Construction firms face heavy financial losses as the result of a section in last month’s Pensions Act that commits them to retrospective payments, industry experts have warned.

Senior industry figures claim some firms could face bankruptcy as a result of the clause, which commits firms to making pensions payments on behalf of employees transferred to them under the Transfer of Undertakings Protection of Employment (TUPE) regulations.

This is set to have a huge impact on the construction sector, where workforces are frequently transferred between companies.

The fact that the legislation applies retrospectively could prove particularly damaging as clients will not have taken into account the extra expense for which they are now liable. It will leave contractors responsible for the deficit.
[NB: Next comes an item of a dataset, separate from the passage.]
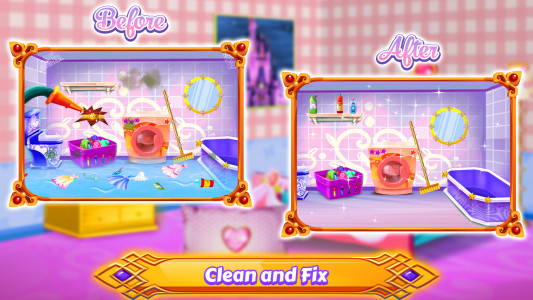 اسکرین شات بازی Princess Room Cleanup Washer 7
Peter Rimmer, head of employment affairs at the Heating and Ventilating Contractors Association, said: “The net result could have a severe impact on profitability and even redundancies because contractors would have no way of passing on these extra costs to clients.”

Rudi Klein, barrister and chief executive of the Specialist Engineering Contractors Group, said that under normal circumstances the regulations would be beneficial as companies would be able to demand more detailed information about the workforce they were about to take over. However, he said that the backdating of the pensions clause meant a large number of firms would suffer unfairly.

He said: “This will effect a large number of specialist companies and also other contractors.

“Construction will be hit by this as workforces are frequently transferred mid-contract, when one company takes over work from another or when a firm takes on a local labour force for a local authority contract.”

Trade associations are planning to lobby the government over the requirements in the hope of gaining an amendment revoking the back-dating of the clause. Many feel that the section was included without proper consultation.